Konkurrierende Minderheiten in Frankreich
Eine ähnliche Konkurrenz sieht Eva Illouz auch in der französischen Gesellschaft zwischen den jüdischen und den arabisch-muslimischen Minderheiten. Der offene Antisemitismus des Vichy-Regimes im zweiten Weltkrieg, jahrzehntelang zugedeckt und geleugnet, habe auch hier in der Nachkriegszeit die jüdische Gemeinde zu einer „geschützten“, „weißen“ Minderheit gemacht (S. 65), mit privilegierten Karrierechancen (Eva Illouz selbst lehrt an einer der Eliteschulen und politischen Kaderschmieden).

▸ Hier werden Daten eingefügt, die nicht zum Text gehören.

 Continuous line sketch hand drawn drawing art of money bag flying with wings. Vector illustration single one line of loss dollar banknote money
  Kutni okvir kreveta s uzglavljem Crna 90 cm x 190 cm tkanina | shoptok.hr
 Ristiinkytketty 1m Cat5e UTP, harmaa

Die Soziologin erinnert an den französischen Kolonialismus in Algerien, der zu einer Diskriminierung der besonderen Art geführt habe: Juden und katholischen Arabern wurde die französische Staatsbürgerschaft gewährt, während Muslime sie nur erlangten, „wenn sie bestimmte Grundsätze des Islams aufgaben“ (S. 66), Polygamie oder das männliche Erbrecht zum Beispiel. Das bleibt im Gedächtnis von Minderheiten hängen. Ob diese kolonialen Erfahrungen in Frankreich, die Ghettoisierung der muslimischen Einwanderer in Ballungsräumen, „wo sie oftmals unter Bedingungen der Armut und des Elends lebten“, die Konkurrenz der „geschützten“ und der „nichtgeschützten“ Minderheiten zu dem offenen Antisemitismus und den propalästinensischen Solidarisierungen nach dem 7. Oktober vor allem unter der Linken und an den Universitäten geführt haben?

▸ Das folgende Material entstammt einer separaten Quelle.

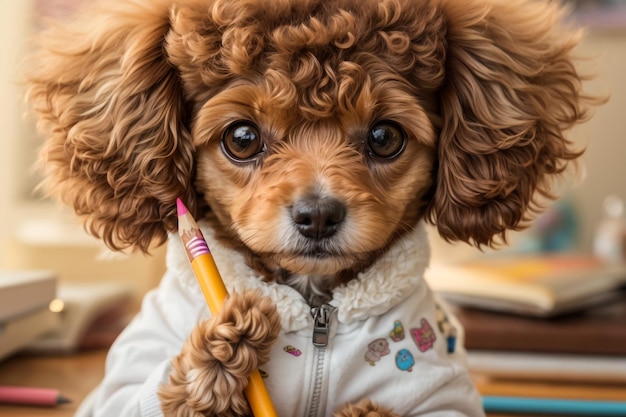 写真 読書メガネのプードル犬が絵本ペンリンゴその他の学校用品を手に入れたテーブルに座っています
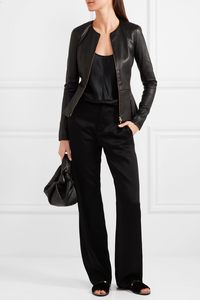 Chaqueta de cuero genuino de piel de cordero de motorista negro ahogado para mujer, chaqueta de cuero de motorista genuino - Product Image 4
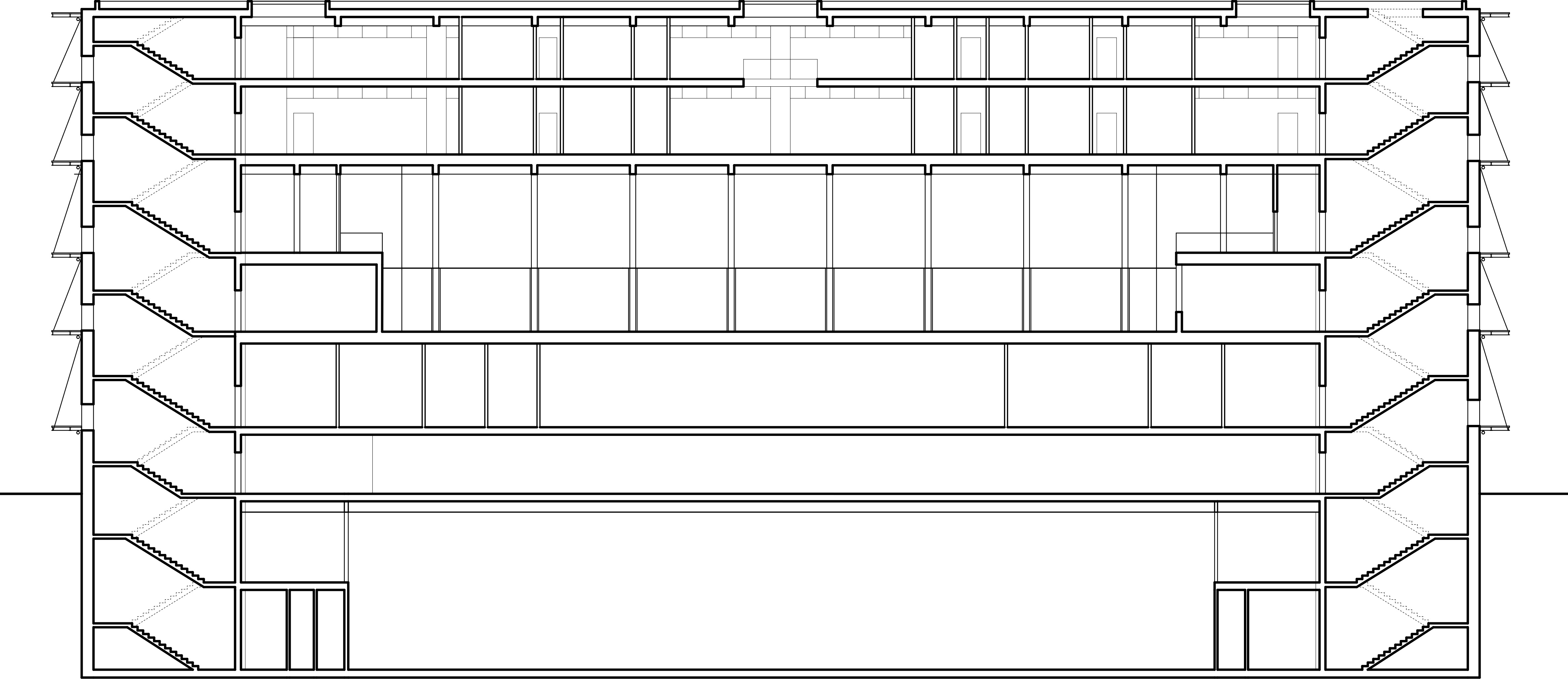 Long section of a school building in Isengrind, Zurich with a an outside football pitch integrated in the middle of the building.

Sie fragt, sie sucht nach Erklärungen
Endgültige Antworten findet und gibt Eva Illouz nicht. Sie fragt weiter, wie es möglich war, „dass ein Teil der progressiven Linken mit Gleichgültigkeit oder Freude auf ein Massaker reagieren konnte“? Sie bleibt eine Suchende, fassungslos über das fehlende Mitleid und den Hass, der sich ausbreitet und sich niederschlägt in Ausladungen und hoch moralischen Erklärungen gegen Israel. Die Soziologin, eine der schärfsten Kritikerinnen der gegenwärtigen israelischen Regierung und engagierte Linke, nennt das eine „neue Form von sich tugendhaft gebendem Antisemitismus“ (S. 25). Gehe es letztlich überhaupt um die Palästinenser, Kolonialismus oder Postkolonialismus und nicht vielmehr um „die alten trügerischen antijüdischen Projektionen“?

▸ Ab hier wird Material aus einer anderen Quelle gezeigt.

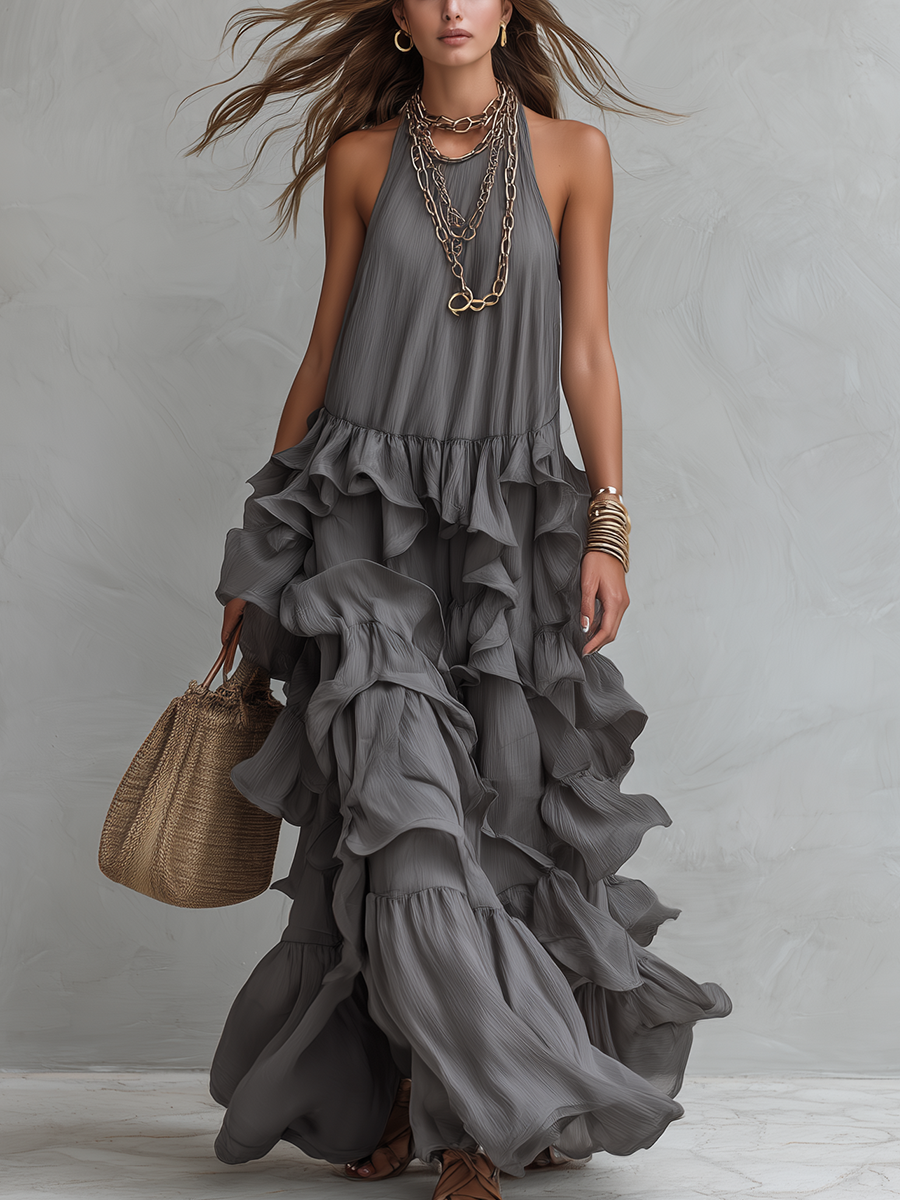Grey halter long dress with layered ruffle skirt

Eva Illouz hat ihr Nach-Denken im „Der 8. Oktober“ vorgelegt. Sie fragt, sie sucht nach Erklärungen, in den USA und in ihrem Land Frankreich. Im Blick hatte sie nicht den Bruch zwischen Israel und der Linken in Deutschland, nicht den propalästinensischen Revolutionstourismus in Europa (1969/70), den linken Antizionismus und linken Antisemitismus in den 1970er Jahren in Westdeutschland. An ihm zerbrach ein Jean Améry (siehe „Antisemitismus in linkem Gewand„). Die antizionistischen, kommunistischen Gruppen lösten sich damals auf, aber unter der Oberfläche brodelten diese Ismen weiter. Nach einem halben Jahrhundert taucht linker Antizionismus wieder auf, an den Universitäten, bei der Jugendorganisation der Linkspartei. Wo sind die hochmoralischen Gewissensträger, die fragend und suchend genauer hinsehen? Wer über „Grundsätze akademischer Integrität“ schwatzt, darf zu diesen Entwicklungen nicht schweigen.